Purifying GFP tagged proteins is labour intensive and usually results in low yields. Adding the HA tag makes it easier and faster to purify these proteins.
To identify the protein, antibody against HA tag can be used for the immunoprecipitation/co-immunoprecipitation and anti-GFP antibody can be used for the detection of the protein level (to avoid cross-linking), or the GFP tagging is used to visualize the localization of the protein and the HA tag is used for immunoprecipitation/purification of the protein due to its lightweight and high specificity.

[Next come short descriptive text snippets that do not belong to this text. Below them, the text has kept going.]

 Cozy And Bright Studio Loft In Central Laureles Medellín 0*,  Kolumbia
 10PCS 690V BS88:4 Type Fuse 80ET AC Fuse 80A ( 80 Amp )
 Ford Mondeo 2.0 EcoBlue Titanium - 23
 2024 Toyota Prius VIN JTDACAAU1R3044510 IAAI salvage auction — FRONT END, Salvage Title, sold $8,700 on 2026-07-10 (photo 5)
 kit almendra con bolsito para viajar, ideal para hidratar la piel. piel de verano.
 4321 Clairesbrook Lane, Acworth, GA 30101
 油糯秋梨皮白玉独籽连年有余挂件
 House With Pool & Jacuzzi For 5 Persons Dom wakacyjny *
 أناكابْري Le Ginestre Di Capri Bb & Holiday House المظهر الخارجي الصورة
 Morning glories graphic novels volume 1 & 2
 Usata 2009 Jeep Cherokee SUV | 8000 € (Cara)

if the constuct is HAtag/Talen/T2A/GFP : the GFP is used to look in vivo at the transfected cells (%, localisation...), the HA tag is used to detect the editing tool by indirect immunofluorecsnce (IF) or western blot (the level of GFP can be different from the level of expression of the Talen du to difference in protein stability for example)
if the constuct is /Talen/T2A/GFP/HAtag , then the HA tag is not very usefull; GFP can be seen in transfected cells and antibodies against GFP can be used to see the expression but this will give you the level of expression of the GFP not of the talen protein.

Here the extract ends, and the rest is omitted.